Jenderal Soedirman memimpin kemiliteran di Jawa termasuk tetap mengomandoi Serangan Umum 1 Maret 1949 di Yogyakarta melawan Belanda yang dipimpin oleh Letnan Kolonel Soeharto.

Kondisinya yang semakin parah membuatnya harus mundur dari medan perang melawan Belanda secara langsung di lapangan.

Kegigihannya melawan Belanda sangat dikagumi oleh para pasukannya dan memberikan mereka motivasi besar untuk terus melawan Belanda.

Penyakit yang diderita Jenderal Soedirman kian parah setelah memaksakan diri untuk tetap bergerilya melawan Belanda. Kondisinya yang semakin memburuk tersebut rupanya tidak membuat Jenderal Soedirman menyerah untuk sembuh.

Sang Jenderal tetap rajin kontrol ke Rumah Sakit Panti Rapih di Yogyakarta untuk berjuang melawan penyakitnya. Saat ia sedang di rawat di Sanatorium Pakem Desember 1949, Jenderal Soedirman memperoleh berita bahagia karena Belanda akhirnya mengakui kedaulatan Indonesia melalui Republik Indonesia Serikat Tepatnya 27 Desember 1949.

Sang Jenderal pun akhirnya dipindahkan ke Magelang untuk memperoleh perawatan yang lebih intensif.

Namun upaya pengobatan Sang Jenderal tidak berhasil, tepat 1 bulan setelah kedaulatan Indonesia merdeka dari Belanda, Jenderal Soedirman wafat karena penyakit yang ia derita pada 29 Januari 1950.

Ada pasukan konvoi dengan empat buah tank dan 80 buah kendaraan bermotor kemiliteran Indonesia yang mengiringi pemakaman Jenderal Soedirman di Taman Makam Pahlawan Semaki, Yogyakarta. Kepergian Jenderal Soedirman ini dinobatkan sebagai kepergian Sang Pahlawan Pembela Kemerdekaan.
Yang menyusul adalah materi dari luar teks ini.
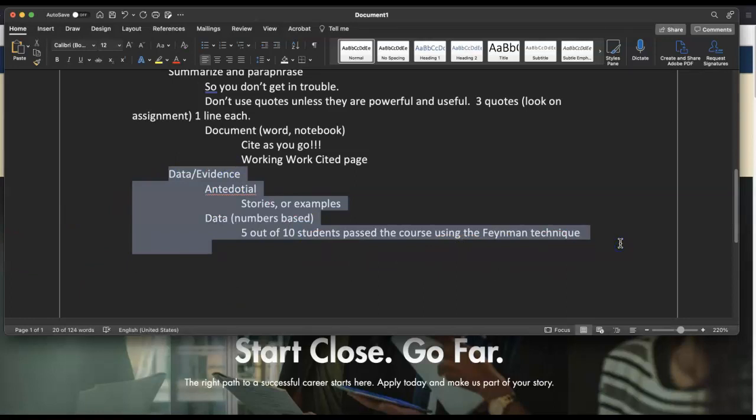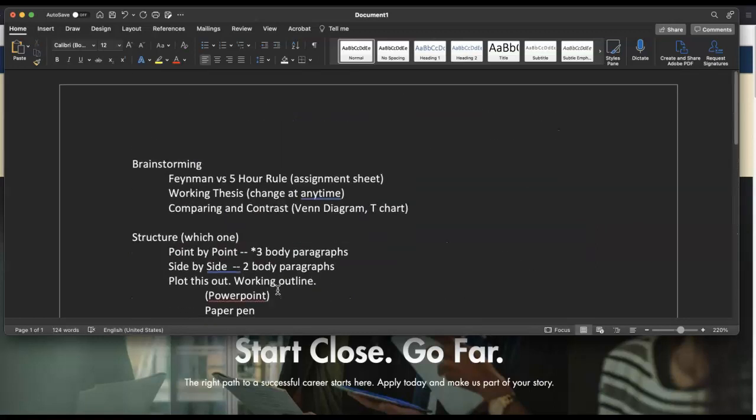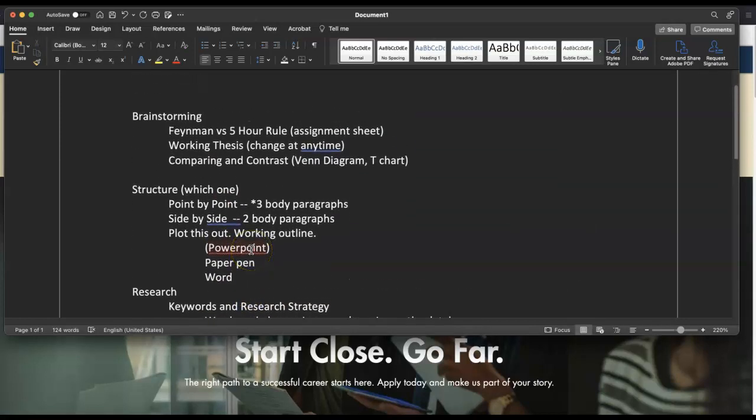When going into databases or Google — yes, you are allowed to use Google — make sure you use viable sources. If there is even one unviable source, like Reddit or Wikipedia, that invalidates your entire research and gives you a zero for the paper. So double and triple check that every source is viable.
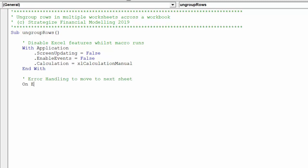The insertion of error handling will permit the macro to overcome potential problems the macro experiences. It will allow the macro to overcome such problems in a worksheet and progress to the next worksheet.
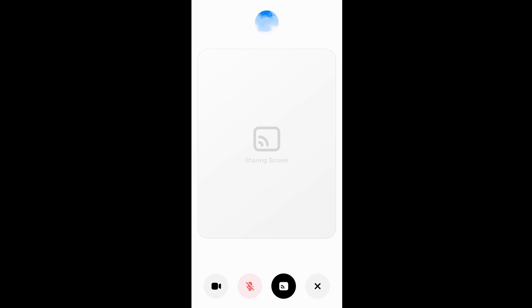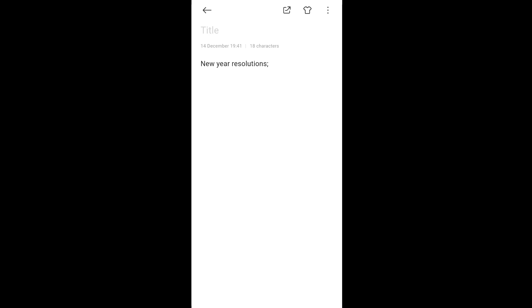Now you will be getting the sharing screen feature, which means that whatever is being displayed on your phone is accessible by ChatGPT. Let me just go to the notes and ask ChatGPT a question. So let's begin now.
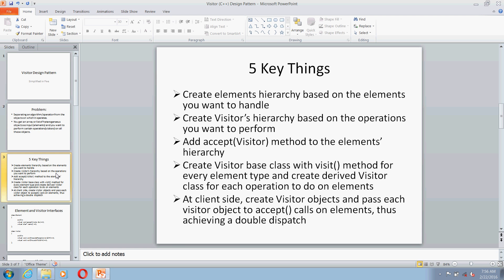Those derived classes will override the visit method for all the elements. This is the trickier part — you have to create visit methods for all the elements that you handle. Then at the client side, you would be creating visitor objects and pass each visitor object to accept calls on elements. Thus you would be achieving a double dispatch, because the accept method call depends on the dynamic type of the visitor as well as the element. So let's try to understand this through a simple implementation.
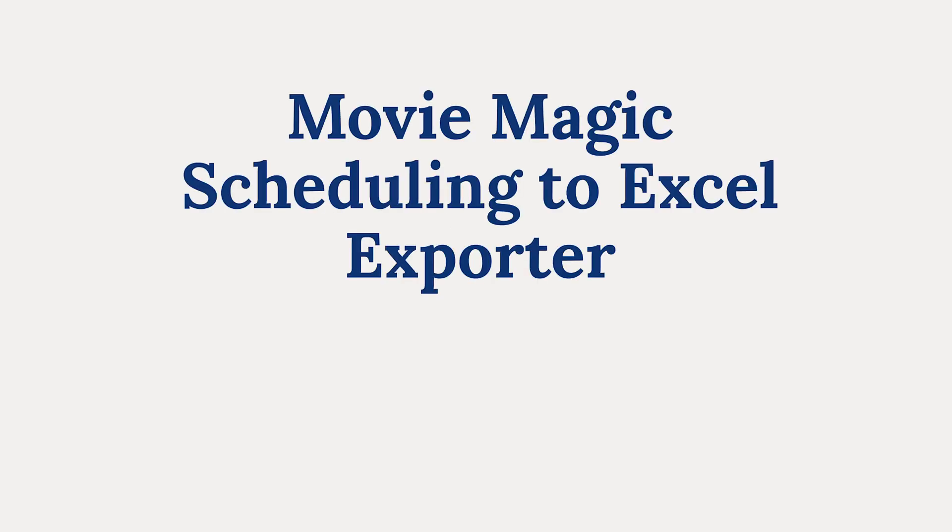Introducing the Movie Magic Scheduling to Excel Exporter. It's a super simple tool that will save you so much time. Here's how it works.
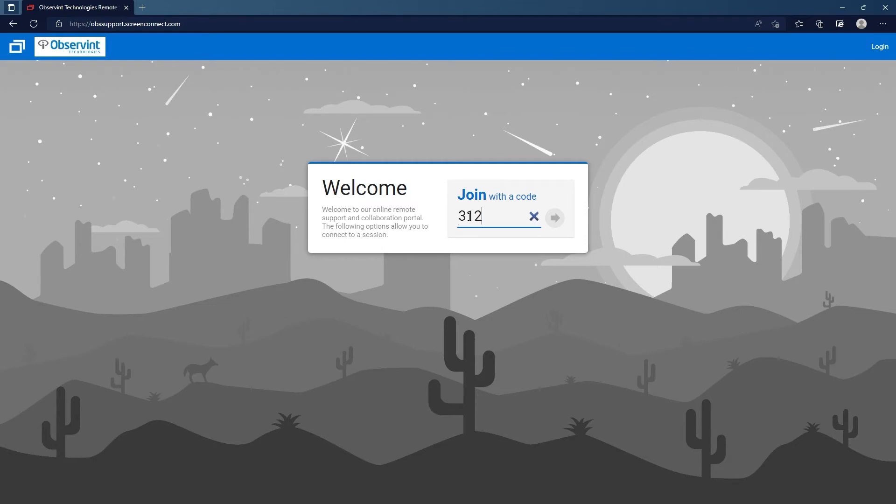Keep in mind that this code will change every time you call, so your code will not be 31282. That is the code for this example. Once you put that code in, you want to hit the arrow here.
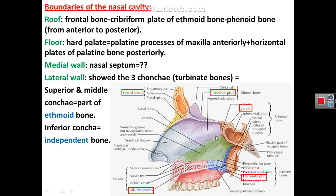The walls or boundaries of the nasal cavity are as follows. Starting with the roof of the nasal cavity: it is formed by the frontal bone containing the frontal air sinus anteriorly, then more posterior is the cribriform plate of ethmoid bone, and more posterior to that is the body of the sphenoid bone containing the sphenoidal air sinus.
Rakyat Indonesia pun sangat terpukul dan kehilangan sosok pahlawan besar, bahkan ribuan rakyat berkumpul sepanjang 2 kilometer menyaksikan prosesi pemakaman Sang Jenderal.

Masyarakat Indonesia pun mengibarkan bendera merah putih setengah tiang untuk menghormati kepergian Jenderal Soedirman pada hari kematiannya tersebut. Jejak perjuangannya kemudian menjadi esprit de corps untuk tentara Indonesia, yakni taktik gerilyanya yang sangat berani.
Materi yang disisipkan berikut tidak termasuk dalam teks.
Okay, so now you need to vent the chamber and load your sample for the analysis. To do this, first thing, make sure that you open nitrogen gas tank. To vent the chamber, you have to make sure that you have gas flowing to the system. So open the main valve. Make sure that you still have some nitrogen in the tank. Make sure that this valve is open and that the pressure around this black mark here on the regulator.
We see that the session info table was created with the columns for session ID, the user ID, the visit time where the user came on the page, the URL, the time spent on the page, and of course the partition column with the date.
Rute perang gerilya sepanjang 100 kilometer yang pernah dilakukan Jenderal Soedirman pun menjadi zona pelatihan kemiliteran bagi para taruna Indonesia yang belum lulus dari akademi militernya. Kisah perjuangan Jenderal Soedirman abadi bagi bangsa Indonesia, hingga namanya banyak dijadikan nama-nama jalan, gedung, universitas, dan museum.